What to do:
Quote word for word from the line holding "5YJ3E1EB8KF421841 2019 TESLA" to the last line below, including both, and omit any pictures.

Material for this task Start Marker

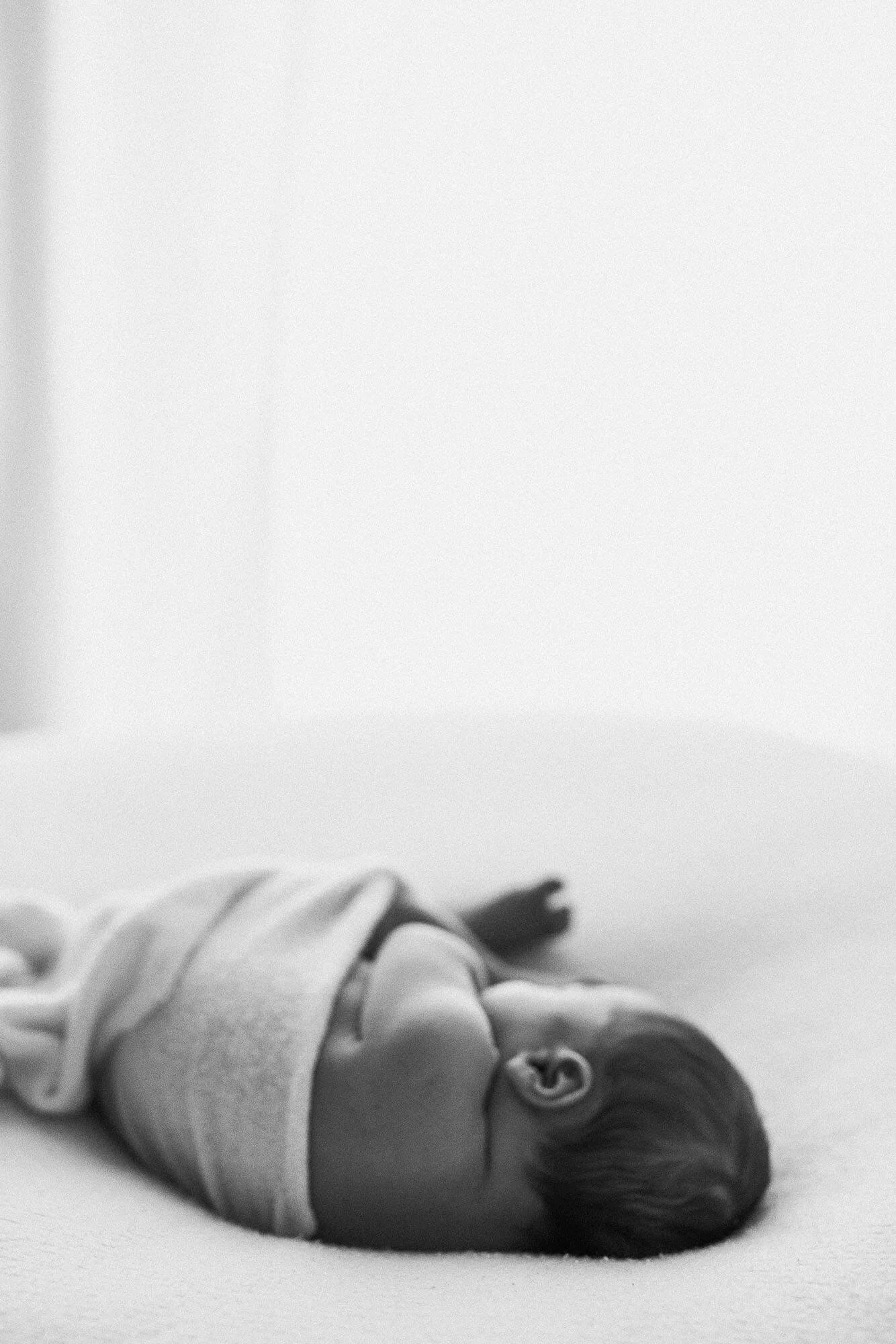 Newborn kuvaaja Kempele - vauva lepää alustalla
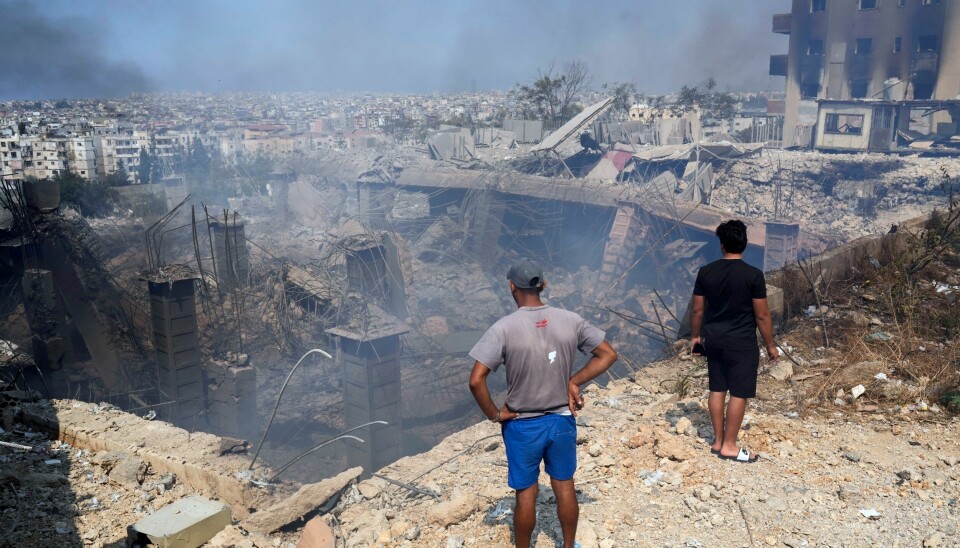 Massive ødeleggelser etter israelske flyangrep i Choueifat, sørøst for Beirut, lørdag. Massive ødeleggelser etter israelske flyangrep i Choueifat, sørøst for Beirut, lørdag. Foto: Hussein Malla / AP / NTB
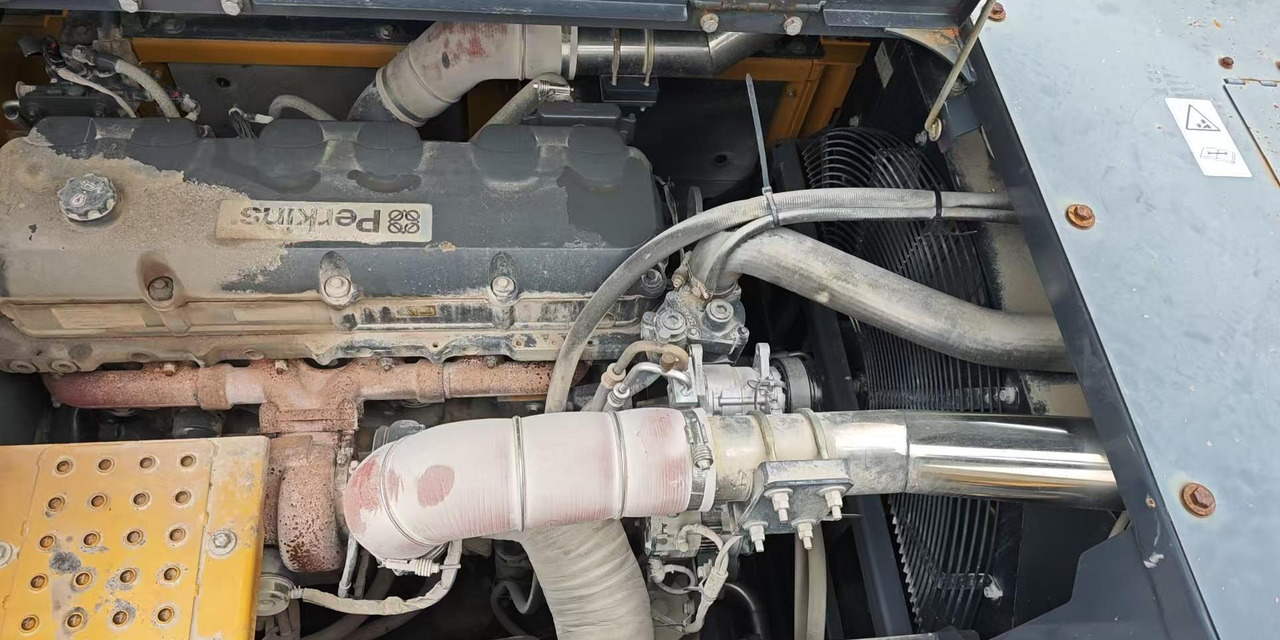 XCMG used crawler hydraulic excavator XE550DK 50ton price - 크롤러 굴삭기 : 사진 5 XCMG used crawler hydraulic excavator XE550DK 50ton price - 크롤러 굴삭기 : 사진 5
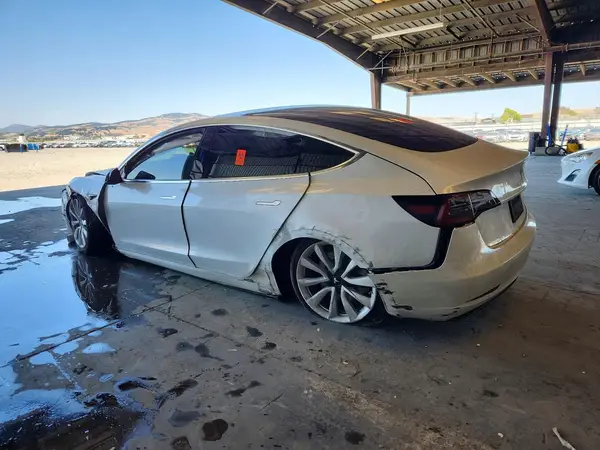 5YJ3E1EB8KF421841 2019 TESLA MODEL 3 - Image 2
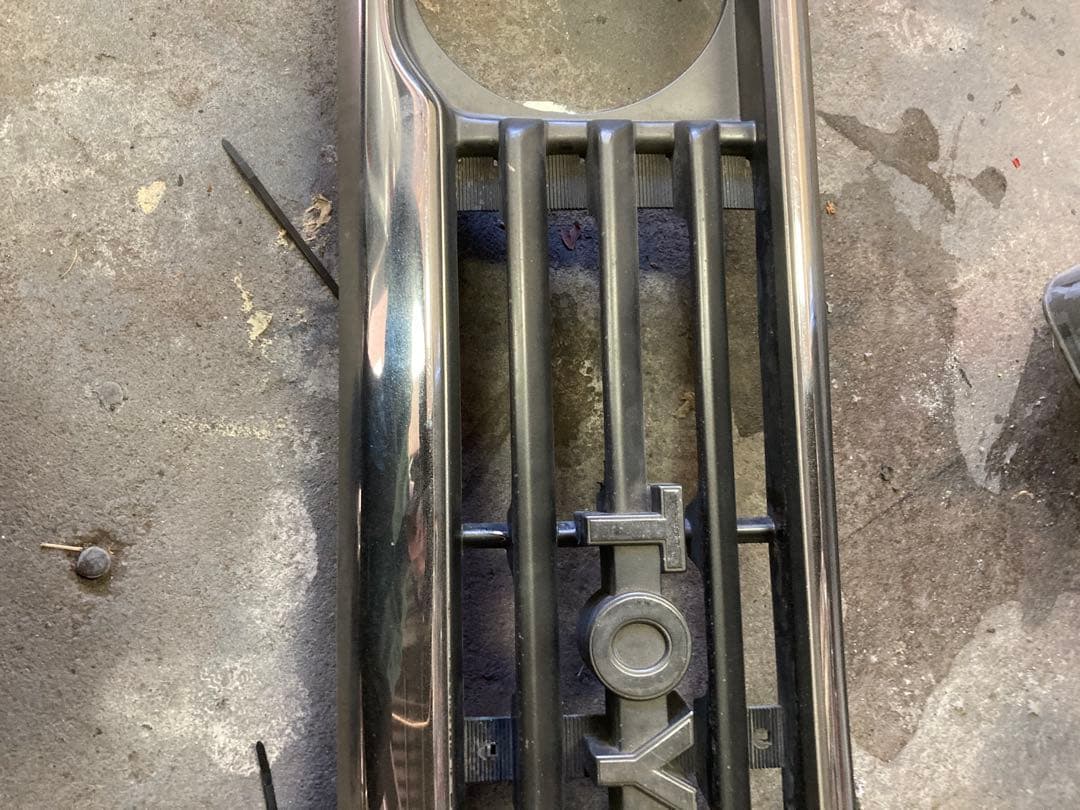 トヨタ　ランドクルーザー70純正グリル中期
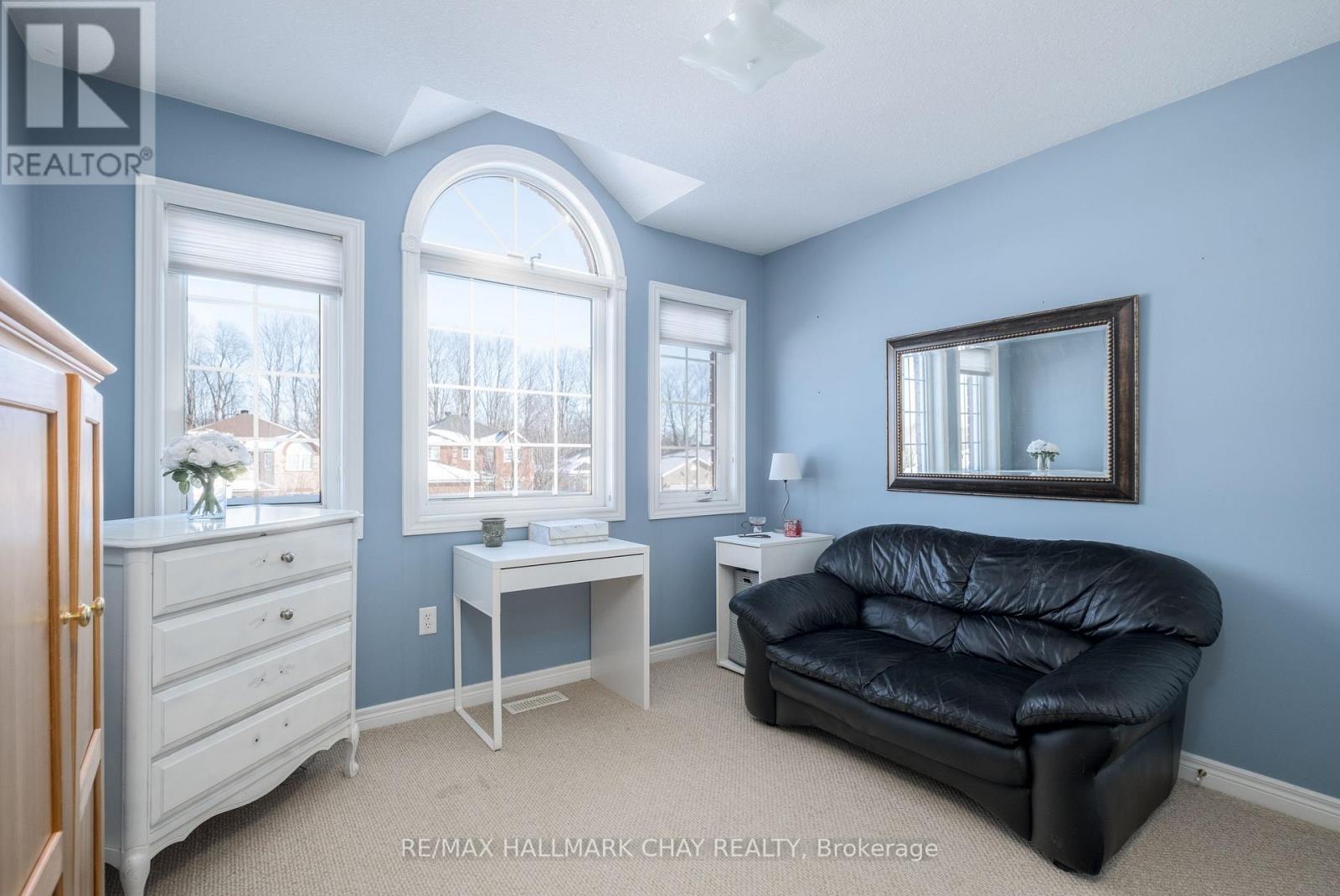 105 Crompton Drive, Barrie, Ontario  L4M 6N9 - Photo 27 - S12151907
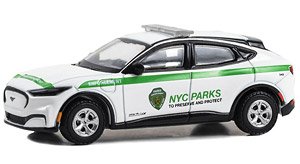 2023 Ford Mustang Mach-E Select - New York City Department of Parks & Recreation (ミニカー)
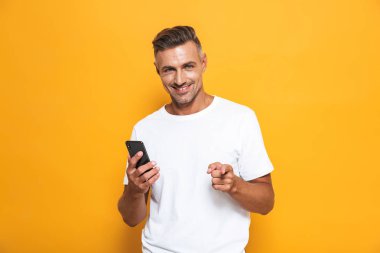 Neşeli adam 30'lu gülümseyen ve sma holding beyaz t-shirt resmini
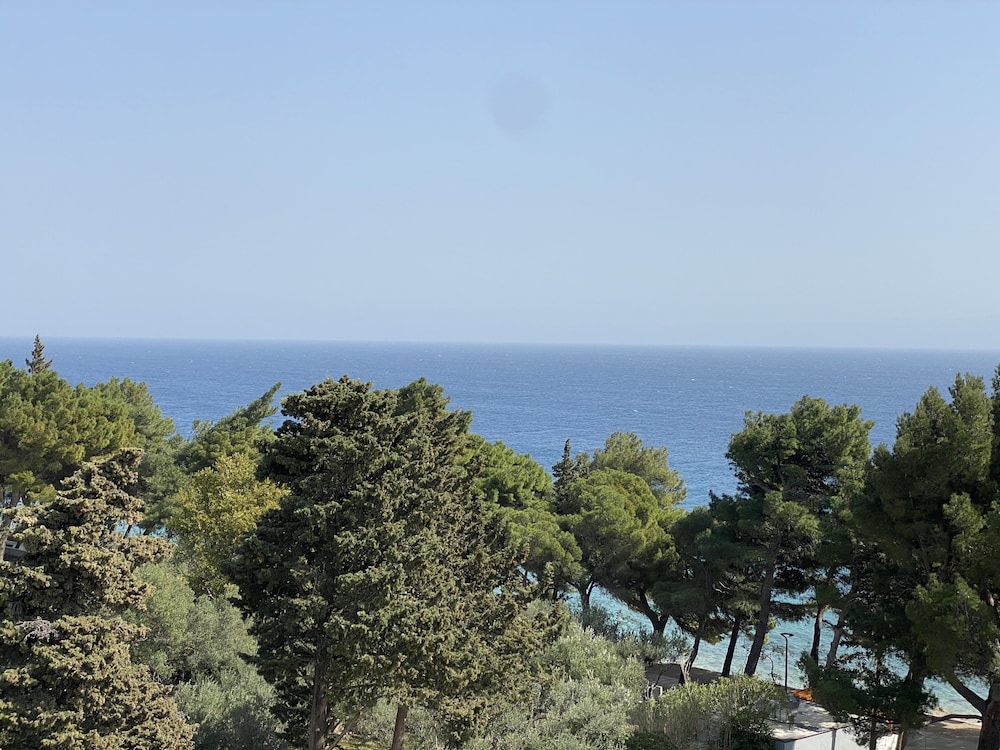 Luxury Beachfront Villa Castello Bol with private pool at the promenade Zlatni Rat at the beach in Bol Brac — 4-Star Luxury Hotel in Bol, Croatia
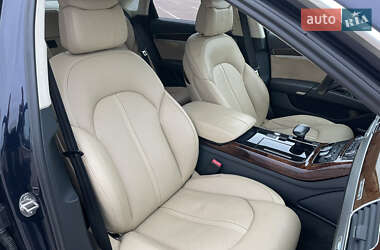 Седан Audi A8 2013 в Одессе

Material for this task End Marker

Reply:
 5YJ3E1EB8KF421841 2019 TESLA MODEL 3 - Image 2
 トヨタ　ランドクルーザー70純正グリル中期
 105 Crompton Drive, Barrie, Ontario  L4M 6N9 - Photo 27 - S12151907
 2023 Ford Mustang Mach-E Select - New York City Department of Parks & Recreation (ミニカー)
 Neşeli adam 30'lu gülümseyen ve sma holding beyaz t-shirt resmini
 Luxury Beachfront Villa Castello Bol with private pool at the promenade Zlatni Rat at the beach in Bol Brac — 4-Star Luxury Hotel in Bol, Croatia
 Седан Audi A8 2013 в Одессе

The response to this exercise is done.